> DATA EXCERPTS
┄┄┄┄┄┄

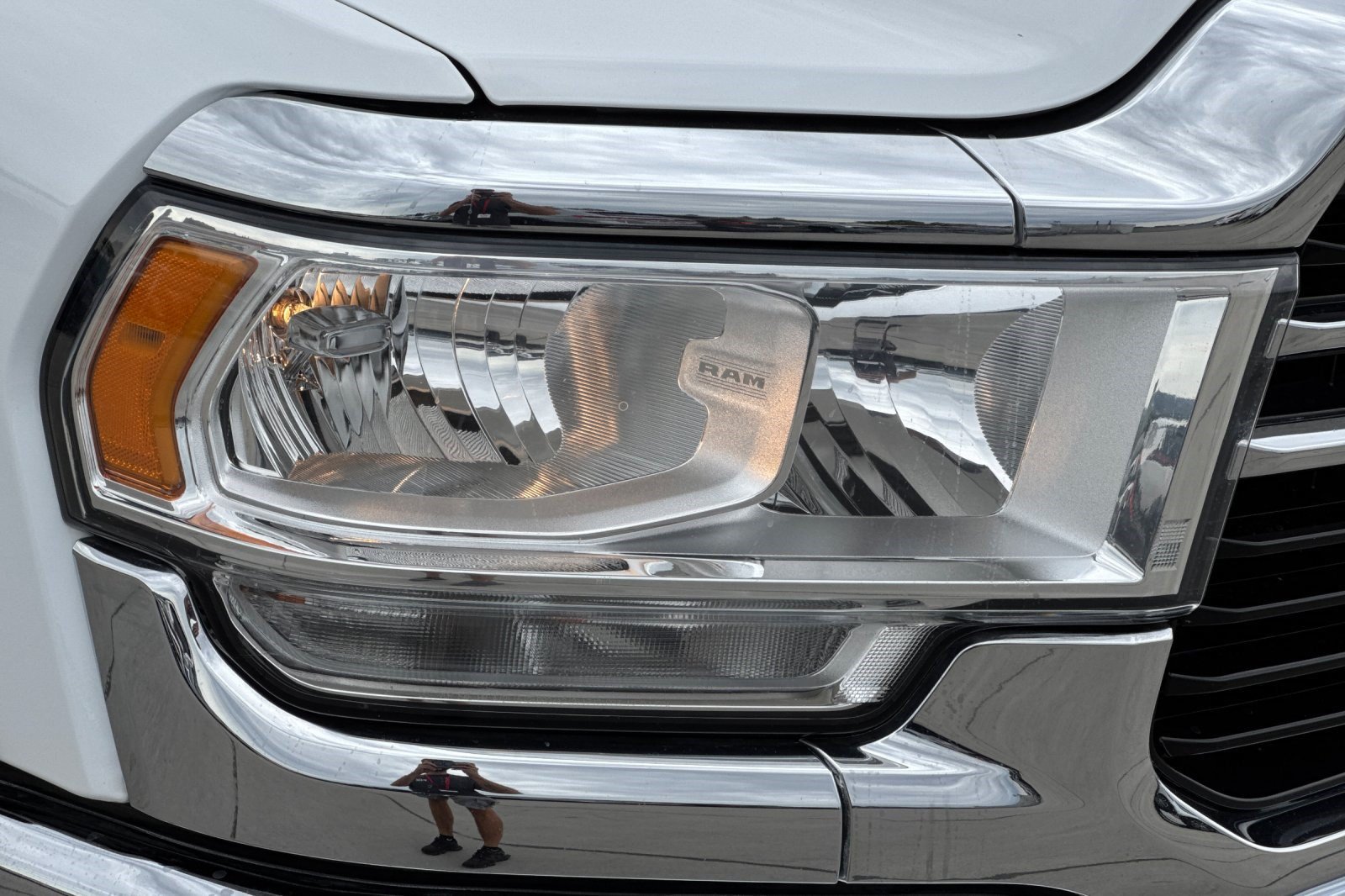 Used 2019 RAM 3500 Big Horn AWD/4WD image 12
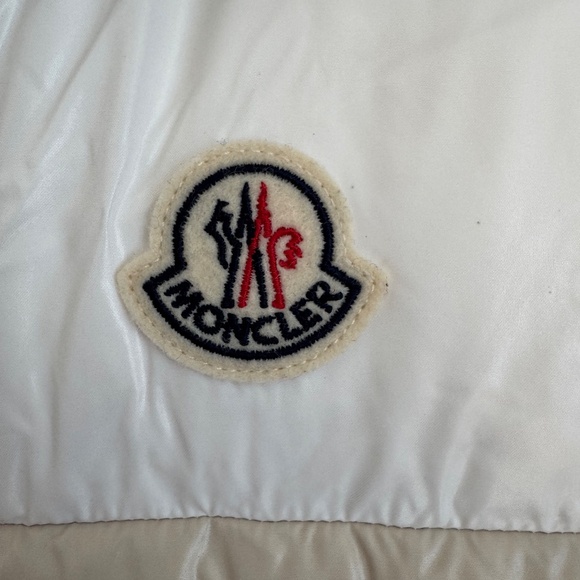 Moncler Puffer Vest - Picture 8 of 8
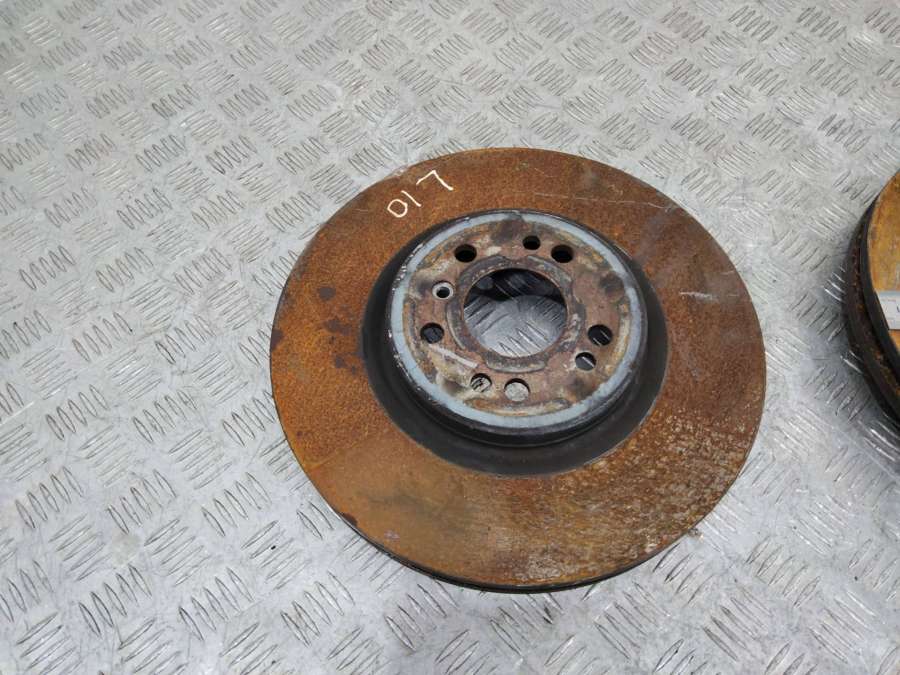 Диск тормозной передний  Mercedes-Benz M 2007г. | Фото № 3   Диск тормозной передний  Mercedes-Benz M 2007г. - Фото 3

┄┄┄┄┄┄

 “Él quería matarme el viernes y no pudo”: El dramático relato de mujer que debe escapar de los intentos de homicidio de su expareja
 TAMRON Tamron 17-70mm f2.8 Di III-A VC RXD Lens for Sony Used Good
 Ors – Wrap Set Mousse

┄┄┄┄┄┄

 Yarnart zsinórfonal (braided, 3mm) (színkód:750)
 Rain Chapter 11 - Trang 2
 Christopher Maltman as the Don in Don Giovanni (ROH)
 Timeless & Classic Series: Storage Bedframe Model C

┄┄┄┄┄┄

> WHAT THIS TASK INVOLVES
Of all the material above, only the lines from the one that has "Used 2019 RAM 3500 Big Horn AWD/4WD image 12" down to the one that has "2007г. - Фото 3" are to be written out, exactly and with both ends included. Pictures are skipped.

> OUTPUT BELOW
 Used 2019 RAM 3500 Big Horn AWD/4WD image 12
 Moncler Puffer Vest - Picture 8 of 8
 Диск тормозной передний  Mercedes-Benz M 2007г. | Фото № 3   Диск тормозной передний  Mercedes-Benz M 2007г. - Фото 3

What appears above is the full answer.